# Message boards!!!!!!!!!!!



## Chad (Apr 26, 2004)

Okay,
I think I have completed the message board trifecta for this area. Now I have this board, Tidalfish and VBSF. Am I missing any, what is the difference in a registered member and a supporter.
Chad (Knot Right)


----------



## jay b (Dec 1, 2002)

Chad, that's all the local ones I can think of. The difference between the 2 is $20.00 a year, join & support, it's a great board!!

Jay (Knot Crazy)


----------



## sand flea (Oct 24, 1999)

Chad, if you click the P&S Supporter link under any supporter's name, you'll see the list of added features.
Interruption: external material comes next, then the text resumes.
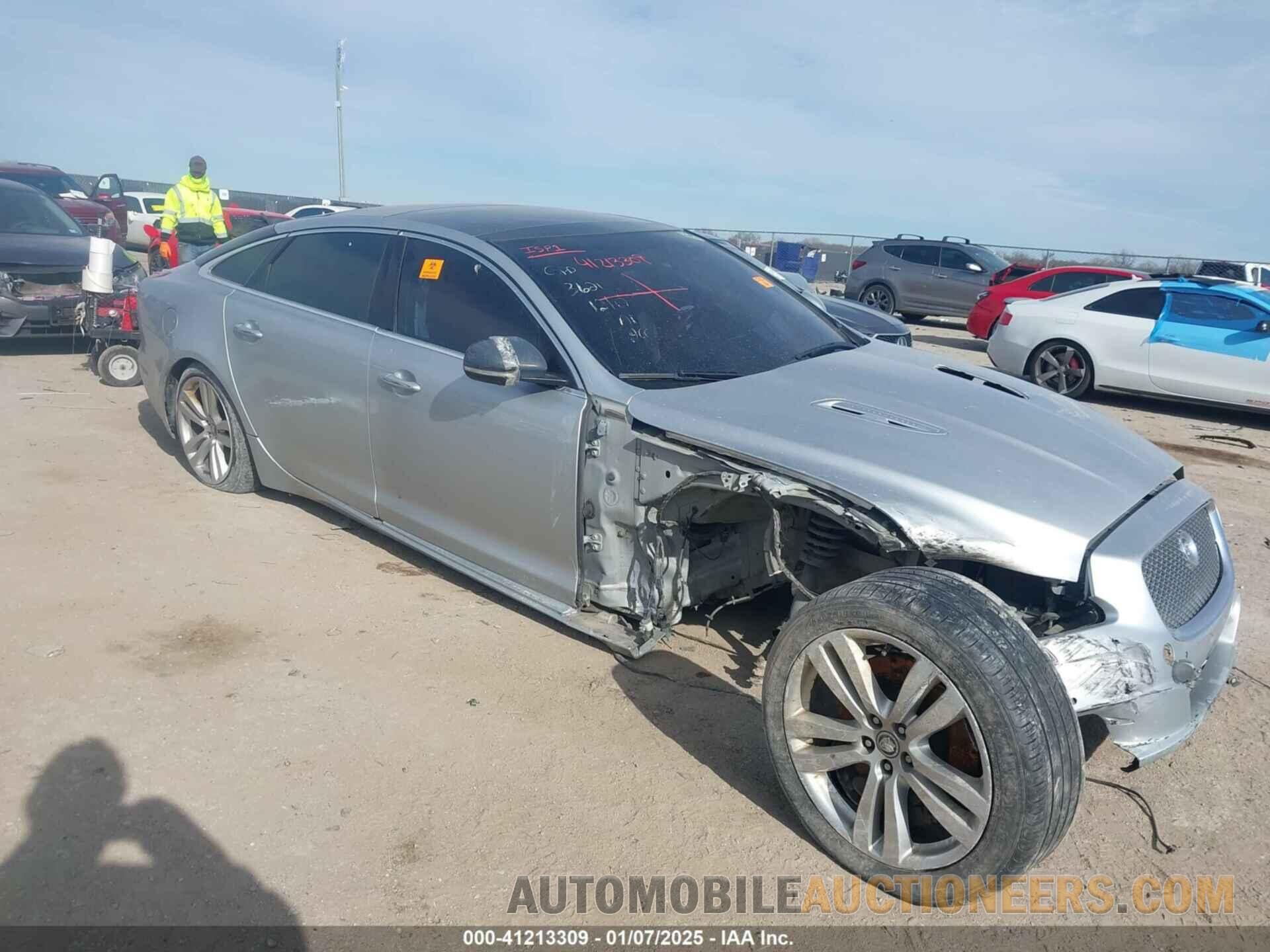 SAJWA2GB7BLV16529 JAGUAR XJ 2011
Basically, you get a lot more PM storage, a lot more photo gallery storage, the ability to upload your own custom icon, etc.


----------



## Chad (Apr 26, 2004)

Thanks.


----------



## Shooter (Nov 14, 2004)

Chad, what it doesnt tell ya is it helps support one of the most information packed boards on the internet anywhere. Just look threw the board and see all of the questions asked and the great help given by some of the best fishing folks around water. I looked at it this way I spent more on bait and didnt come home with nutten and on this board I learn something new everyday and I am an ol phart.


----------



## reelrebel18 (Oct 13, 2004)

chad now ya just gotta get on the TKAA board seein as ya r a club officer


----------